For a forced landing on normal ground it is recommended to land with the gear down and spoilers out, but on rough or marshy ground it is recommended to land with the gear up, touching down very gently.
Ditching is recommended gear up, and touching down nearly stalled, with the stick right back.

The normal touchdown itself can be difficult to achieve smoothly, as the stalling angle is considerably higher than the body angle with the wheels on the ground, leading to a tailwheel landing if the aircraft is
stalled on. This causes the main wheel to pivot round the tailwheel, and hit the ground rather hard. This is not desirable as the gear is not all that strong, and could result in damage. A couple of such accidents
have in fact happened and, as a consequence, the aircraft are now fitted with wooden runners on the underside of the fuselage. These are quite strong, but some doubt exists in the club as to whether or not
they would take the weight of a fully laden RF-5. This pilot, after much trial and error, decided that a touchdown on both wheels at a slightly higher speed was preferable wherever the runway was other than
very short. These aeroplanes do not land in a startlingly short distance, and this can in part be attributed to the rather poor brake on the mainwheel, which needs a great deal of force to use, even at taxi speeds.
However, there is no fear of tipping the aeroplane on its nose, as the mainwheel is so far forward, so it can be applied as hard as you like.

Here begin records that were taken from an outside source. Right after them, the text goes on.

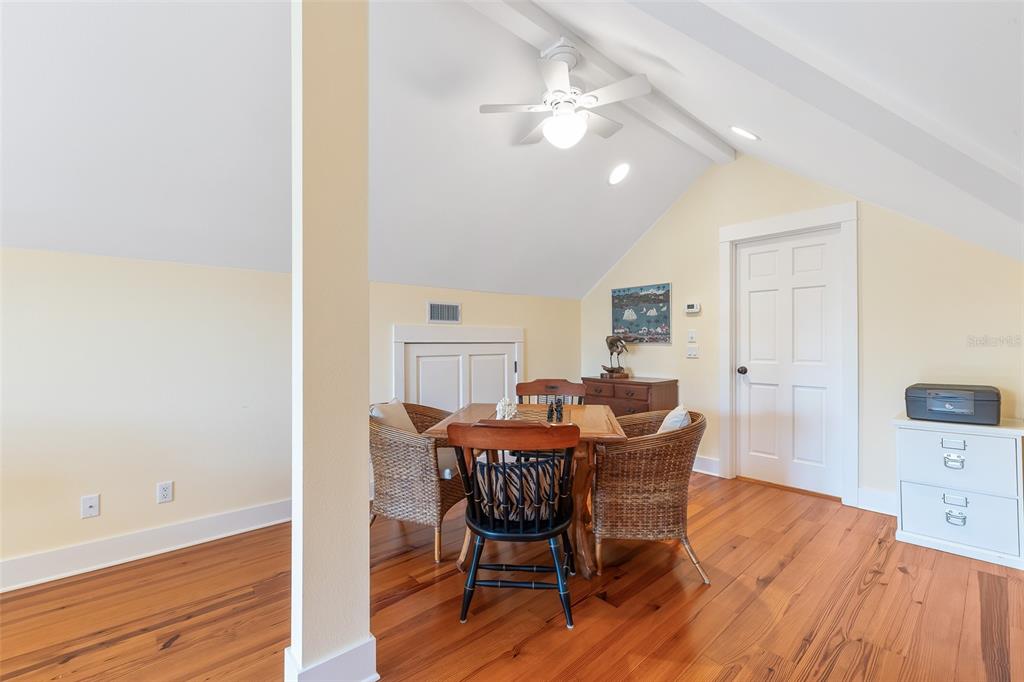 160 1st Street East Boca Grande, FL 33921 - Photo 22 of 43 a view of a dining room with furniture and wooden floor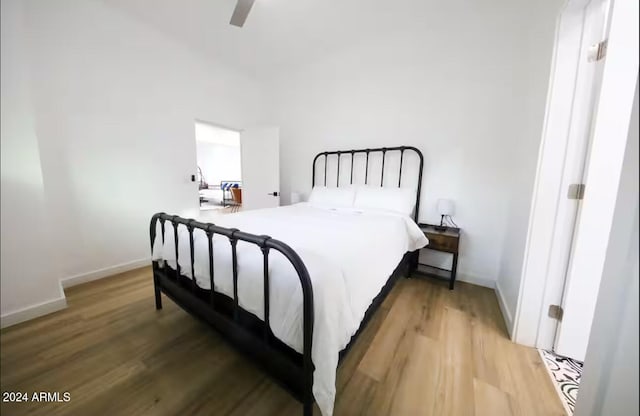 bedroom with ceiling fan and wood-type flooring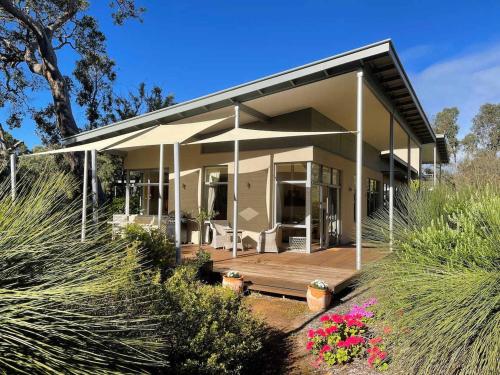 a large house with a porch and a deck at White Tree Retreat Yallingup hills in Yallingup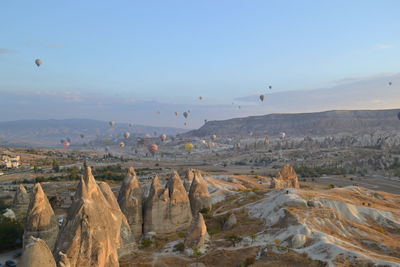 View of hot air balloon flying over landscape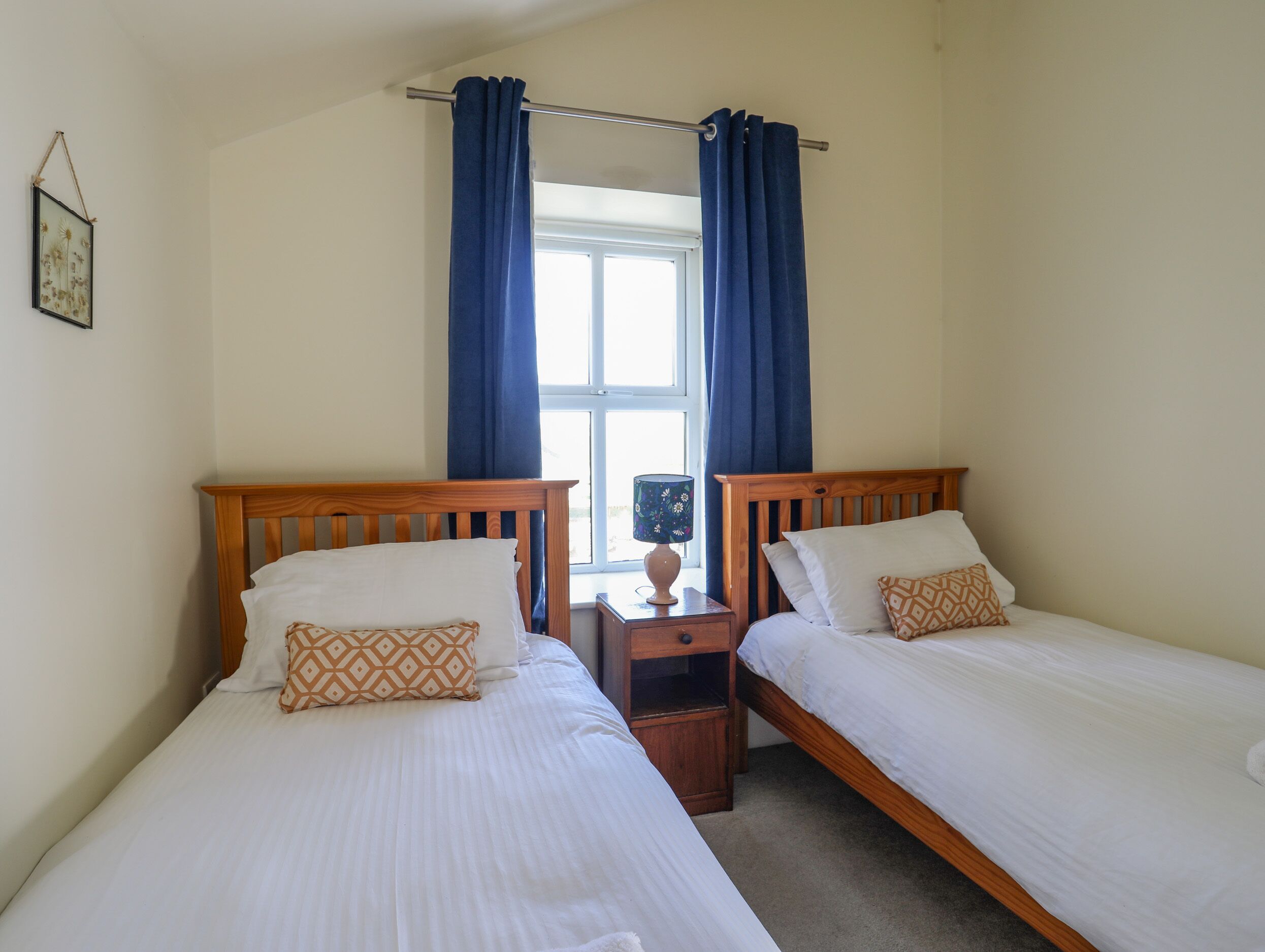 A room with two wooden beds, white bedding, and blue curtains.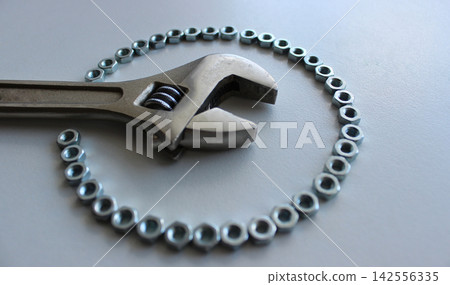 The spread jaws of an adjustable wrench are surrounded by a perfect circle of metal nuts The spread jaws of an adjustable wrench are surrounded by a perfect circle of metal nuts 142556335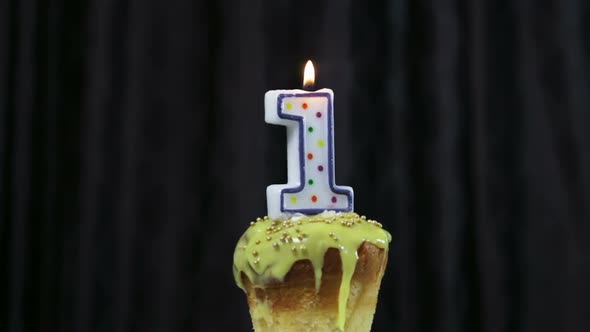 Cupcake with a Burning Candle with the Number 1.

Landing in strong winds deserves some consideration, as these aeroplanes are not easy to handle on the ground in any sort of crosswind, and at the very slow touchdown speeds, they have a very strong
tendency to weathercock, which is not easy to correct with the small rudder. The best technique is to land on the downwind side of the centreline, and hold the stick fully back as soon as flying speed is lost, to
take full advantage of the rather ineffective tailwheel steering. On a soft surface it can be advantageous to allow the natural tendency of the upwind wing to lift a little. This digs the downwind outrigger wheel
into the ground, helping to keep the aircraft straight.

There is little else to say. This is a nice aeroplane, and one which very quickly becomes a part of the pilot, seeming to need little more than will to perform most manoeuvres immediately. Its slightly unusual
facets merely make it the more interesting to fly, and its whole nature encourages the pilot to explore the whole range of its ability, and strive to fly it ever more accurately. Its few vices on the ground are very
quickly forgotten once it is in the air, and once in its natural environment it performs like the thoroughbred it is.

Seems like this guy is sooo enthusiastic, he might become a lifelong Fournier fan!!!!!